She drew a deep breath. “I think my father put me in the sanitarium as revenge for all those years I protected Noelle. I’m willing to bet that another part of the revenge was to get Scott to marry me. He got to Scott, and Scott did what he was told. All revenge.
“When I told Scott I wanted a divorce, he told me I was crazy. I told him that he could marry my father if he wanted a St. John so badly. Maybe two days after that, I was in that sanitarium—at least I think it was two days. The time still gets all scrambled up.”
“But he had a lover. Perhaps Monica, perhaps Jill. Perhaps someone we don’t know at all. How quickly were you sure about his affair?”
“About three months after we were married. I’d decided to try to make a go of it, but when I found a couple of love notes, unsigned, and two motel receipts, I didn’t care enough to try. Between that and my father, always in the background, I just wanted to get out.”

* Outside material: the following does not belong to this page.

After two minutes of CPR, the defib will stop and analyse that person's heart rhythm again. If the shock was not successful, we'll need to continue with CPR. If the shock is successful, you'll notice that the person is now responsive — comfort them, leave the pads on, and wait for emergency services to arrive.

“But your father didn’t let you get out.”
“No.”
“Obviously your father knew everything about your marriage. Scott must have told him immediately when you asked for a divorce for your father to take action so quickly. Who knows? Maybe it was Scott’s idea. Do you want to call anyone else?”
“No, that leaves just Rita. I don’t think I could take it if Rita started on me about calling Scott. This was enough—much too much, as a matter of fact.”

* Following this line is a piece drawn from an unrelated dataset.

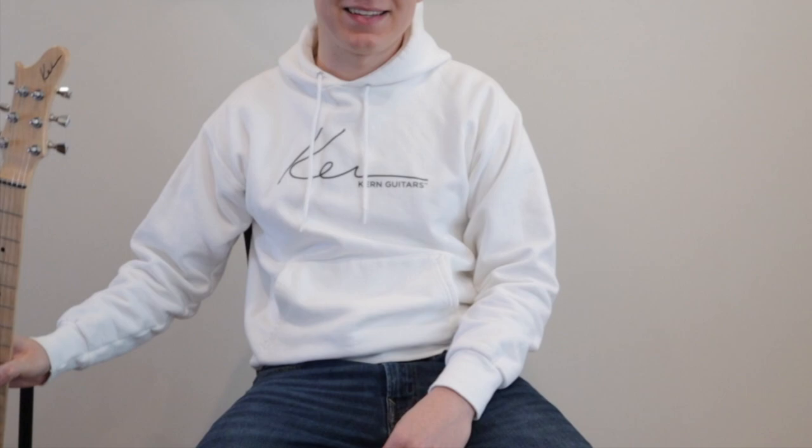Hello, I'm Parker Kern, professional guitarist and vice president and chief design officer of Kern Guitar Company. Today I'm very excited to show you our initial flagship model, the Model S. The Model S was designed with you, the player in mind. Ladies and gentlemen, I proudly present to you the Kern Guitars Model S.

“Okay, no more work today, all right?”
“That was work?”
“Certainly. We just filled in another piece of the puzzle.”
“James, who knocked both of us out in The Cove and brought me back to Doctor Beadermeyer’s?”
“Beadermeyer or a henchman. Probably not Scott. It was probably the guy who played the role of your father that night in your bedroom window. But now that you’ve got me, you don’t have to be depressed at the number of bad people in the world.”
“They all seem to have congregated around me. Except Noelle.”
He wanted to ask her to go over everything with him, from the day she met Scott Brainerd to now, but he didn’t. Give her the day off, make her smile. Maybe they could make love in front of the fireplace. He wanted to make love to her very much. His fingers itched remembering the feel of her, the way she moved against his fingers, the softness of her flesh. He tried to focus on his African violets.
That evening she pulled her hair back tight, securing it with a clip at the nape of her neck. She put on a big pair of dark sunglasses. “No one would recognize you,” Quinlan said, coming up behind her and putting his hands lightly on her shoulders.
“But let’s get a wig anyway. You know something? Your father was killed, what, three weeks ago or so? It was splashed all over TV, all over every tabloid, every newspaper. You, the missing daughter, got the same treatment. Why take the chance on someone recognizing you? I have to tell you, I like you in those sunglasses. You look mysterious. Are you really the same woman who’s agreed to marry me? The same woman who woke me up this morning lying on top of me?”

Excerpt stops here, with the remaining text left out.